I just read a VersionOne post from May about seeding marketplaces. They identify four strategies (there’s more detail on each in the original post):
- Identify unique inventory – sellers who don’t otherwise have an online outlet will list on your site (provided it’s easy to do) and you can use their product to drive demand. If you are lucky the sellers will bring some customers with them. Etsy is a good example.
- Bring inventory from another site – hacking and scraping are common grey area tactics. AirBnB is a good example – see case study.
- Pay for inventory – I think this only works at the very earliest stages, and even then I’d be careful. Apparently Uber did this in Seattle, paying drivers to sit idle whilst they built demand.

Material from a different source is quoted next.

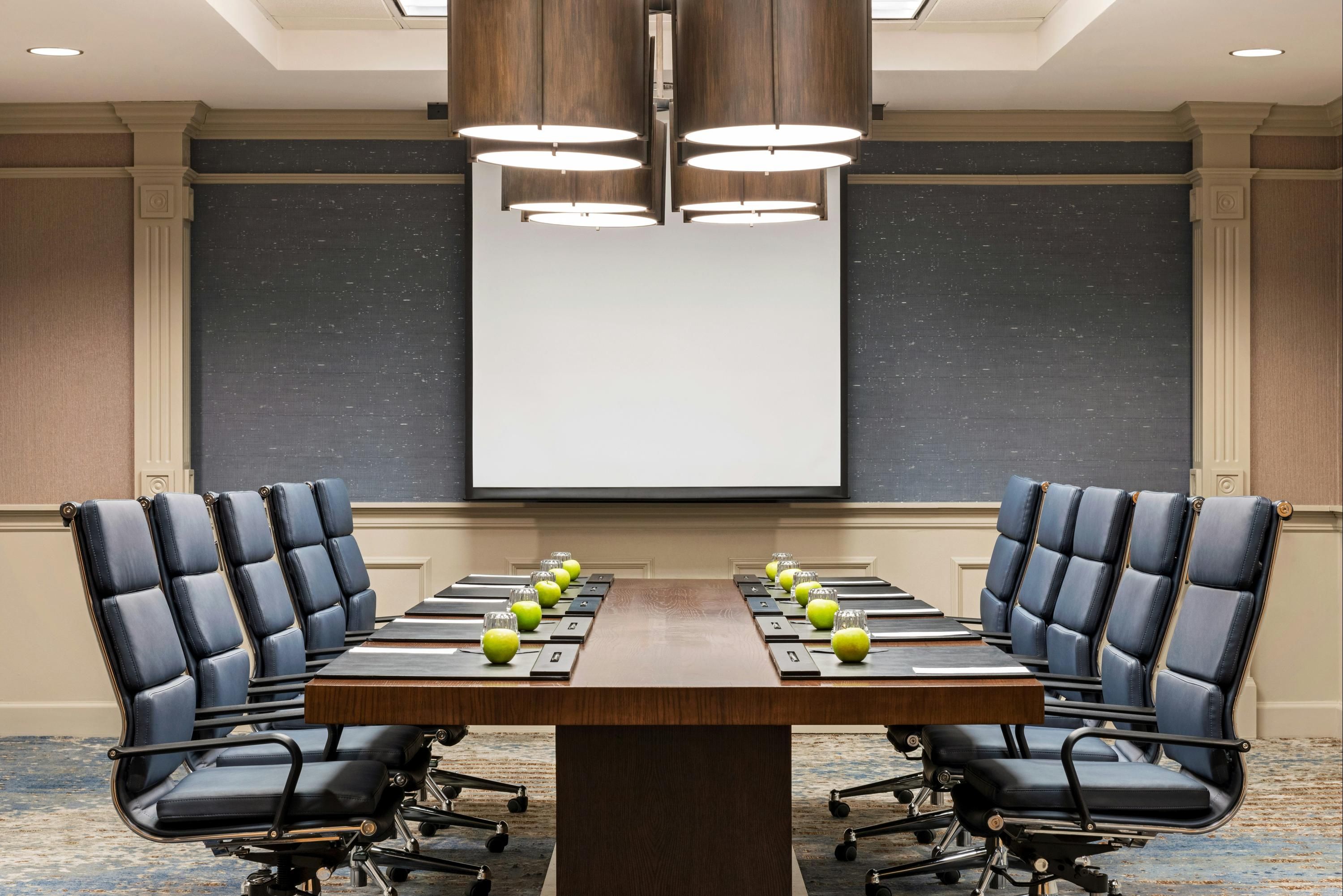 Sala de conferencias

- Aggregate inventory from other sites e.g. through affiliate programmes – scale comes quickly with this strategy, but adding enough value to become sticky can be challenging.
I would add another, and this is my favourite, and that’s ‘Using demand to acquire supply’. Our portfolio company Lexoo used this strategy, first finding companies that needed a lawyer and then calling up lawyers offering them customers if they register on the site. It’s brutally simple and highly effective. Only works in services marketplaces where customers don’t expect an instant quote.
My other observation is that in most cases one side of the marketplace comes much more easily than the other. On Lexoo supply comes more easily whereas on Appear Here, a marketplace for short term lets on the High Street demand is the easier side. The trick then is to build the easy side to make the marketplace super attractive for the more difficult side.